Records from a data collection
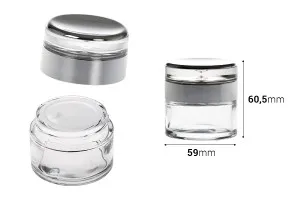 50ml cream glass jar with elegant acrylic cap and sealing disc-2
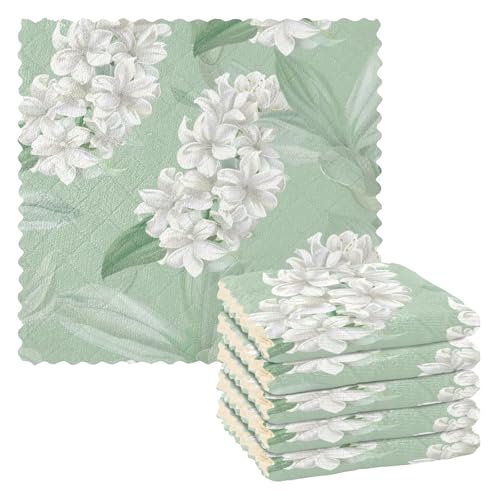 EtherSpher Hyazinthen-Blumen-Geschirrtuch, milder und frischer Stil, weiß, hellgrün, Frottee-Geschirrtuch, türkische Geschirrtücher, saugfähig, Badezimmer-Geschirrtuch, Zubehör, Para Mesas, 27,9 x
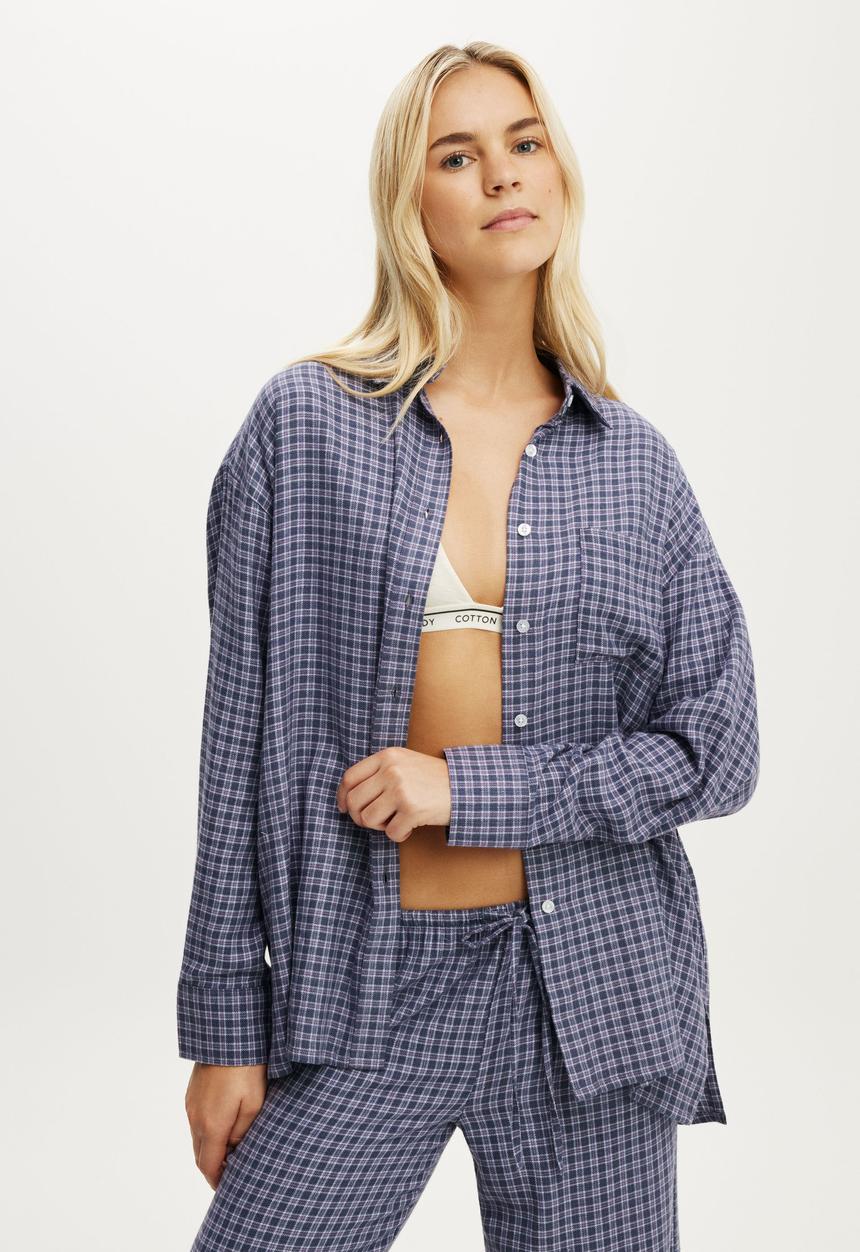Cotton On - Cosy soft flannel oversized shirt - lucy check steely blue
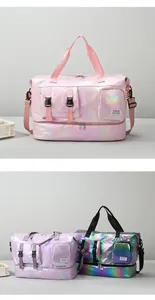 Macro shot of waterproof holographic fitness bags with dry-wet separation compartments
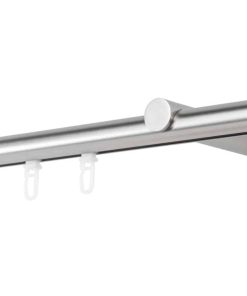 Ondeco Gardinenstange auf Maß  Innenlauf 20mm Spitze 1-lauf Wandträger 12cm Gleiter Farbe: Edelstahl-Optik
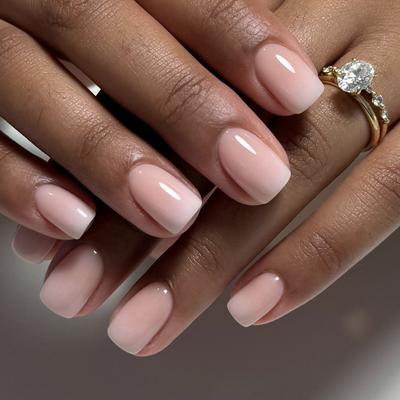 24 Pieces Naked White Gradual Change Manicure Fake Nails Minimalist Wear Nail Short Short Square Wear Nail Simple Fake Nails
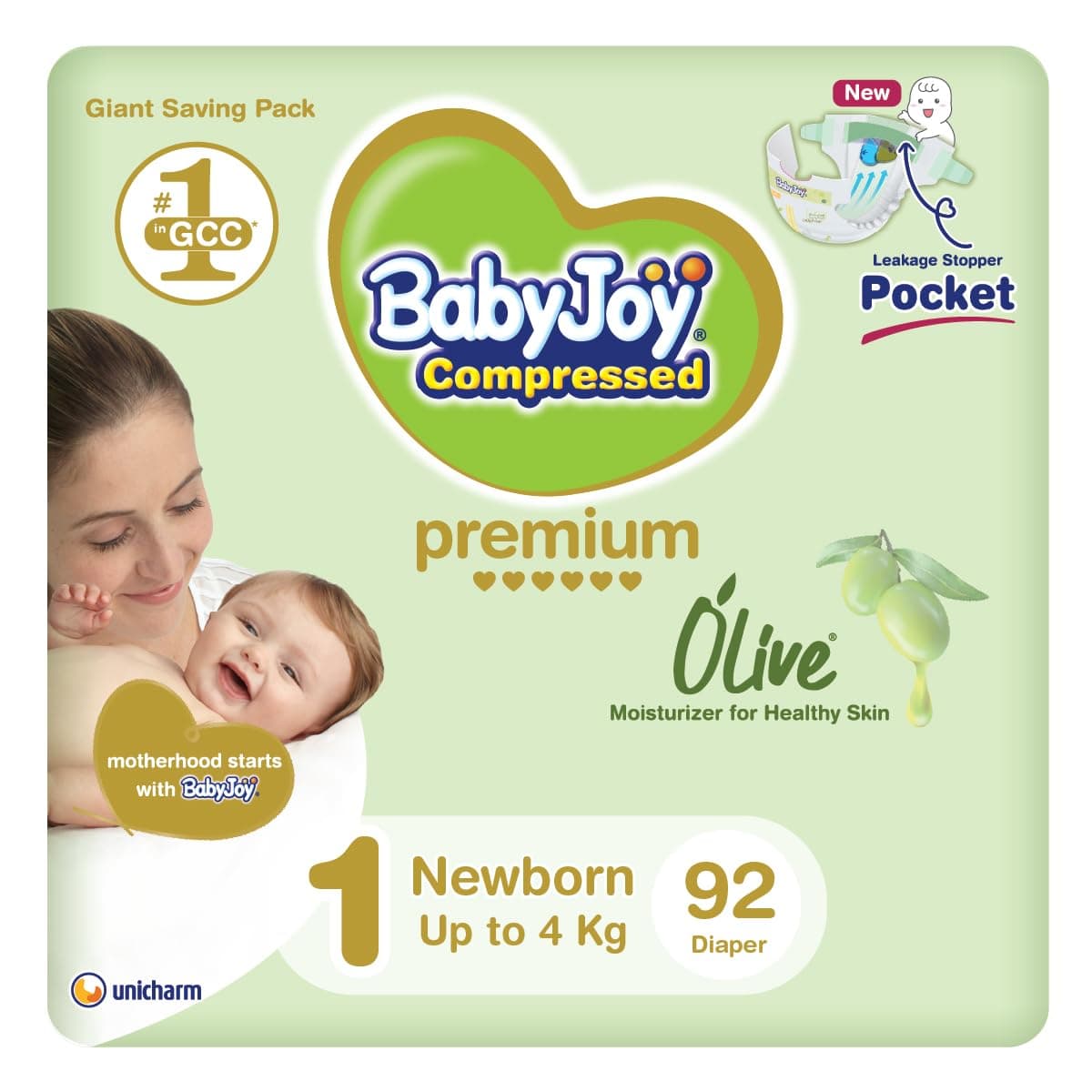 BabyJoy Olive Tape Diaper, Size 1, Newborn, 0-4 Kg, Giant Pack, 92 Diapers
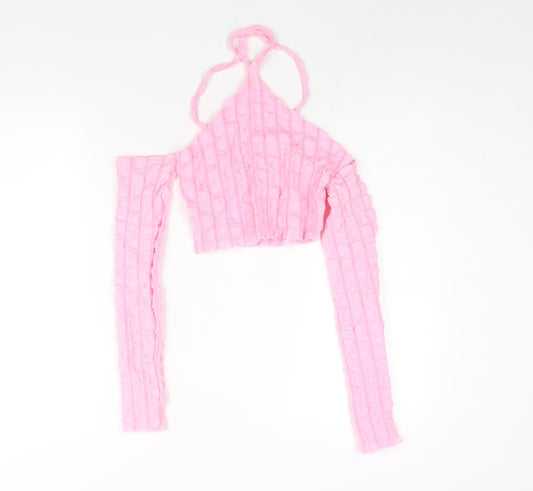 PRETTYLITTLETHING Womens Pink Polyester Cropped Blouse Size 8 Halter - Textured Cold Shoulder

Work to be completed:
Restate the data word for word from its first line through the line with "Macro shot of", leaving out any picture along the way.

Response to this exercise:
 50ml cream glass jar with elegant acrylic cap and sealing disc-2
 EtherSpher Hyazinthen-Blumen-Geschirrtuch, milder und frischer Stil, weiß, hellgrün, Frottee-Geschirrtuch, türkische Geschirrtücher, saugfähig, Badezimmer-Geschirrtuch, Zubehör, Para Mesas, 27,9 x
Cotton On - Cosy soft flannel oversized shirt - lucy check steely blue
 Macro shot of waterproof holographic fitness bags with dry-wet separation compartments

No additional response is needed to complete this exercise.